▶ [Assignment]:
I would like the lines below, from the one with "ВМЕСТЕ САИД И" through the one with "Photo of Outdoor in Porat", copied exactly and without any pictures.

▶ [The data]:
■ ■ ■ ■ ■ ■ ■

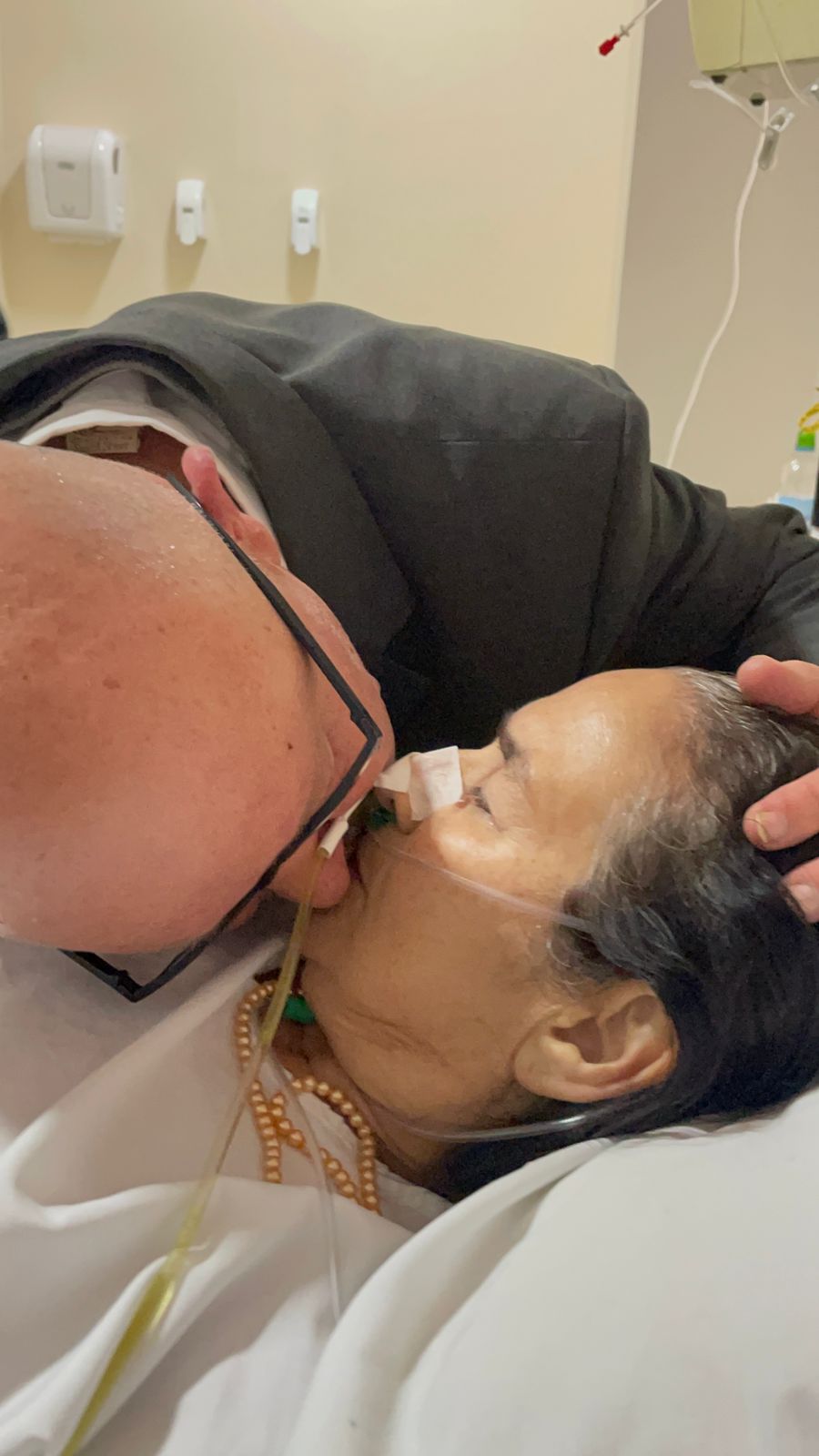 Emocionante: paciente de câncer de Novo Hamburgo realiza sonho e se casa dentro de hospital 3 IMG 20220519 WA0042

■ ■ ■ ■ ■ ■ ■

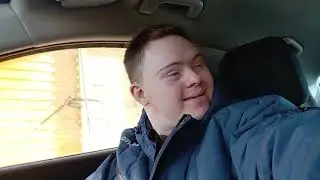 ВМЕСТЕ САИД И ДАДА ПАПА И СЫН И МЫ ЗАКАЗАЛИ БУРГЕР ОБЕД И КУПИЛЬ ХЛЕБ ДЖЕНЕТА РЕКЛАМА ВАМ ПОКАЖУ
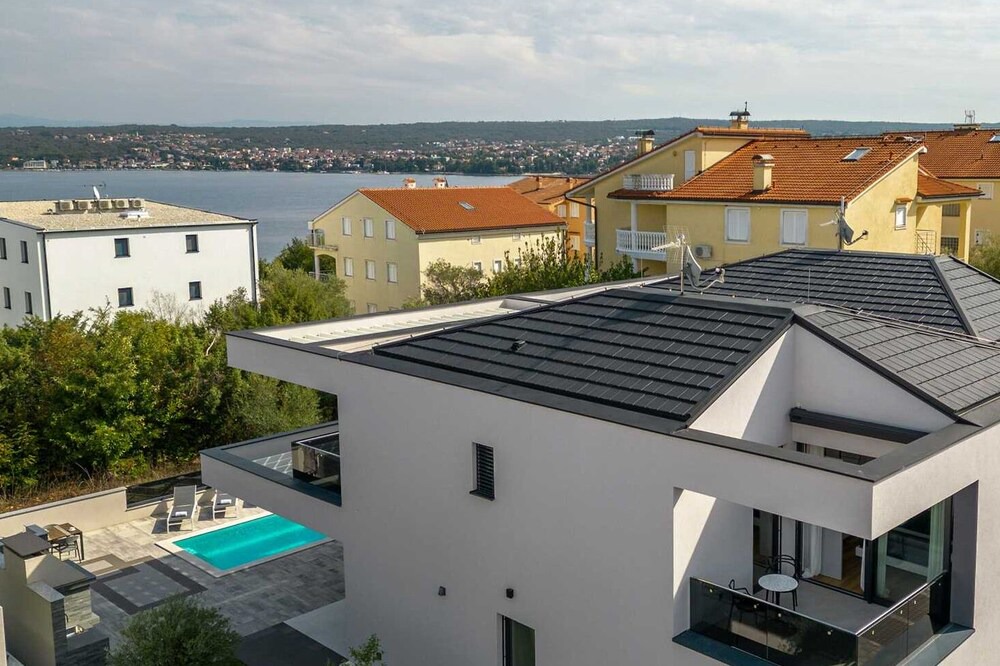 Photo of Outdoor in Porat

■ ■ ■ ■ ■ ■ ■

▶ [Result for this exercise]:
 ВМЕСТЕ САИД И ДАДА ПАПА И СЫН И МЫ ЗАКАЗАЛИ БУРГЕР ОБЕД И КУПИЛЬ ХЛЕБ ДЖЕНЕТА РЕКЛАМА ВАМ ПОКАЖУ
 Photo of Outdoor in Porat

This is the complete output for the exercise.